Re: Mixed up priorities

From: Robert Brady (robert@ents.susu.soton.ac.uk)
Date: Thu Oct 21 1999 - 21:25:51 EDT


On Thu, 21 Oct 1999, G. Adam Stanislav wrote:

> Besides, I can just see the discussion here a couple of years down the road
> when we realize we need to impose some artificial boundary as to which
> fictional alphabet to include without having to go to 64 bits.

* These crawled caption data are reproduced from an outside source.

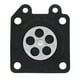thumbnail image 3 of 40 Piezas Diafragma Dosificador de Carburador de Motosierra para 95-526 500 3800 4500 5200 5800 Kit de Juntas de Montaje de Coche, 3 of 9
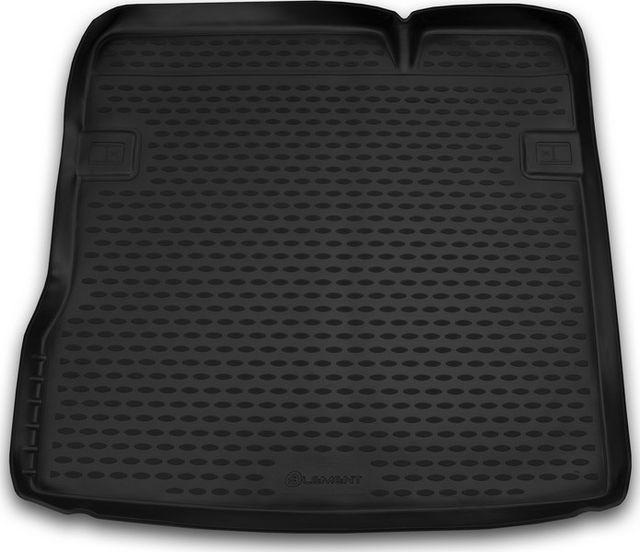 Коврик Element для багажника Nissan Terrano III 2WD 2014-2026. Артикул CARNIS10052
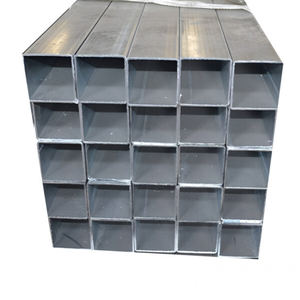 A500 оцинкованный сварной профиль из мягкой стали ASTM <span class=keywords><strong>30x30</strong></span> мм ISO9001/BIS/KS Сертифицированный A36 Прямоугольная Труба Квадратная Труба <span class=keywords><strong>30x30</strong></span> мм - Product Image 3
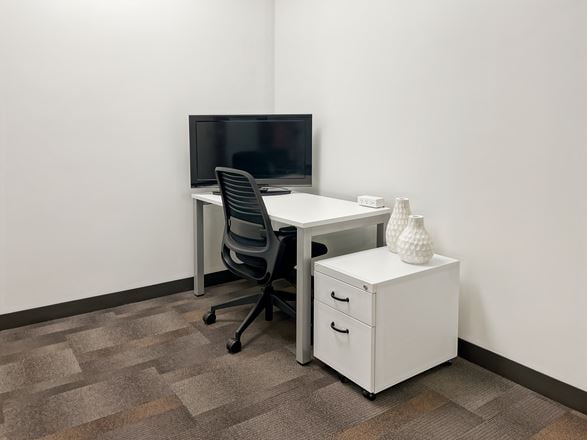 Regus - CL Oak Park Drive Fort Collins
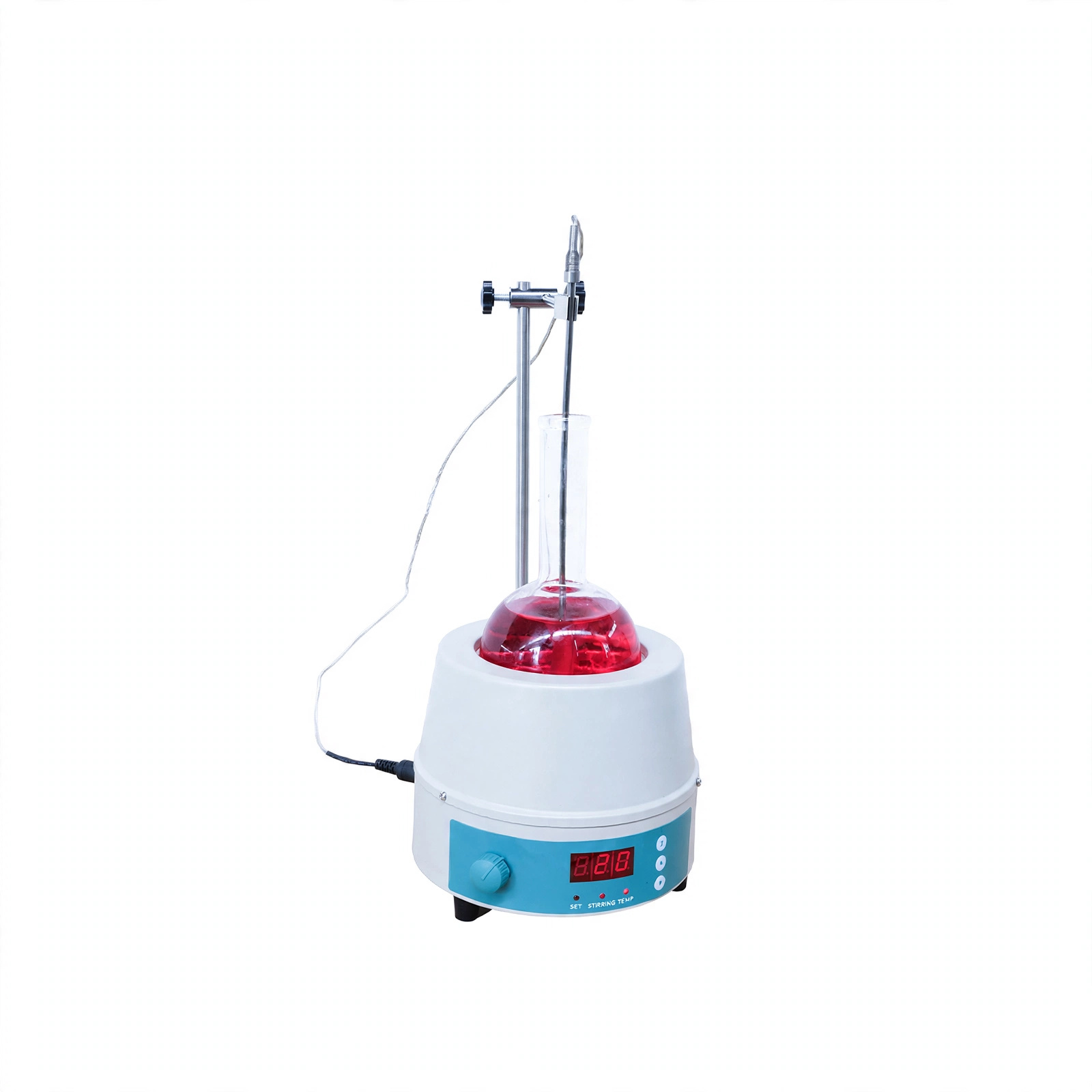 Electronic&Digital Magnetic Stirring Heating Mantles HME-IIB/HME-IIIB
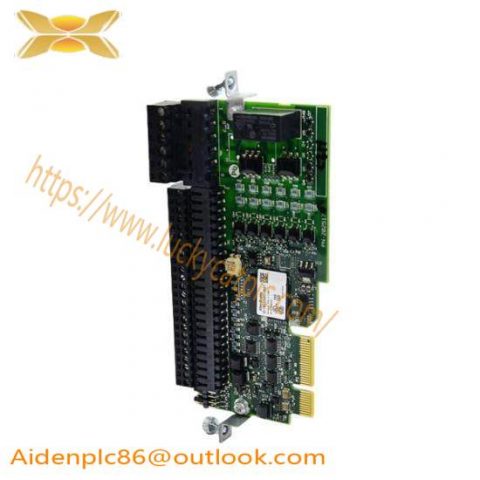 SIemens 20-750-2263C-1R2T I/O Module, High Precision Control & Monitoring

You are reducing the plausability of your argument below, which is totally
unrelated. There are about 4 interesting fictional alphabets to encode :
Shavian, Tengwar, Cirth, and Klingon. These add up to less than 500
codepoints. There is really no possibility of UTF-16 being filled, let
alone UCS-4! (Of these proposals : Shavian, Cirth, and Klingon are stable
and uncontroversial technically, but still have not gotten into the
standard!)

> Precisely. CH is a character in Slovak, no matter what any Anglocrat says.

I'm happy you feel that way. Can you answer the following questions?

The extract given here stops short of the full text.